Because if the Swiss Family Robinson built a pool, it might look something like this. Because the irregular-shaped deck — from its built-in bench to its thumb-shaped dining area — creates organic places for living. Because the cantilevered deck hides any telltale signs that this is actually an aboveground pool. Because a special finishing compound gives the cedar deck and rails a rich, warm look that will last for years. Because paver stones were used for the walkway instead of concrete, adding to the project’s natural look and feel. Because cedar flower boxes bring nature into this setting and honor a request from the garden-loving homeowner.

The way Patrick Halliday sees it, aboveground pools have it all over inground pools — as long as they’re done right.

“With our decks, aboveground pools can be just as nice [as inground gunite pools] without the added property taxes,” says Halliday, regional manager of Atlantis Pools in Alton, Ill.

But he isn’t talking about your average deck.

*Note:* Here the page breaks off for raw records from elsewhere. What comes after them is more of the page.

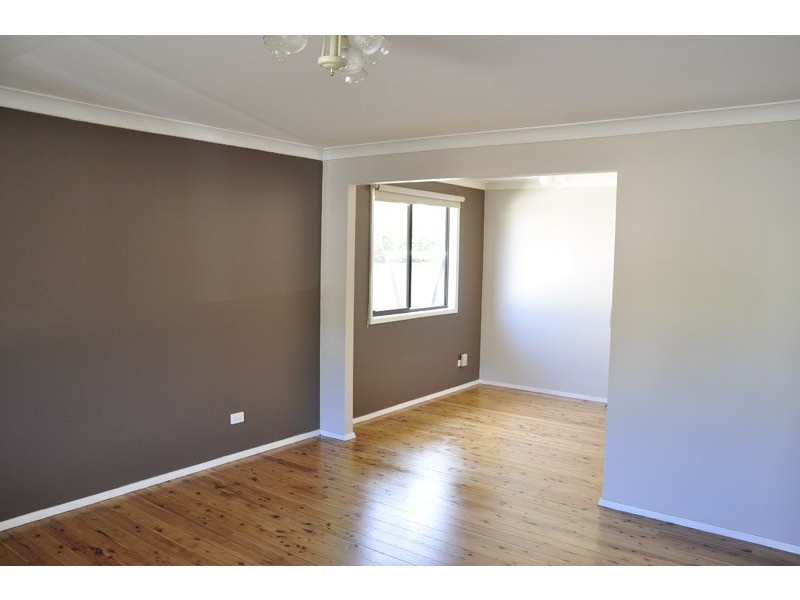22 Lakedge Avenue, Berkeley Vale NSW 2261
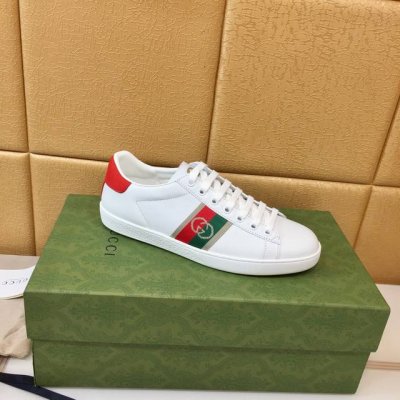 橙子出厂价p gucci 古驰 经典爆款 小蜜蜂小白鞋 百搭休闲鞋板鞋 情侣款 码数 34-45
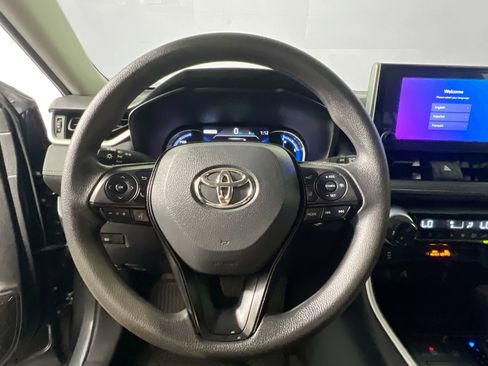 Used 2024 Toyota RAV4 XLE AWD/4WD image 17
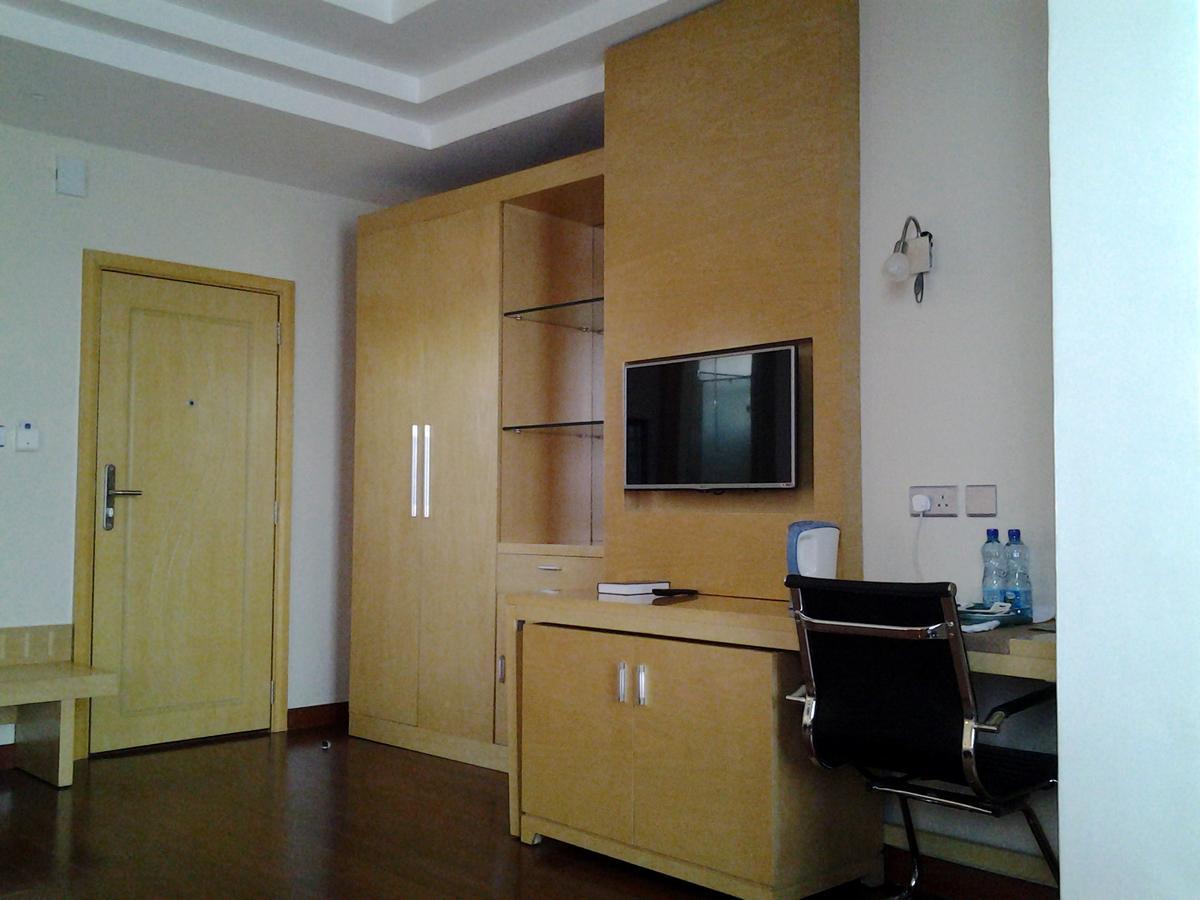 Three Steers Hotel Meru Экстерьер фото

Atlantis’ decks are elaborate works of art in and of themselves. And they’re pricey — as much as $15,000.

For the project featured here the pool had to be cut into a steep backyard incline— perfect for the type of pool Atlantis likes to build. “We just cut into the hillside and put a deck around it. It ends up looking like an inground with the deck around it. For this one, all the trees and the woodsy setting make it unbelievable.”

The finishing touch that brought the entire installation together was the pave-stone pathway that leads to the pool. The area around the deck was then landscaped. The final custom touch was suggested by the homeowner: flower boxes built onto the deck.

“The wife wanted something where she could plant some annuals and add some color in the summer,” Halliday says. “We like doing little touches like that.”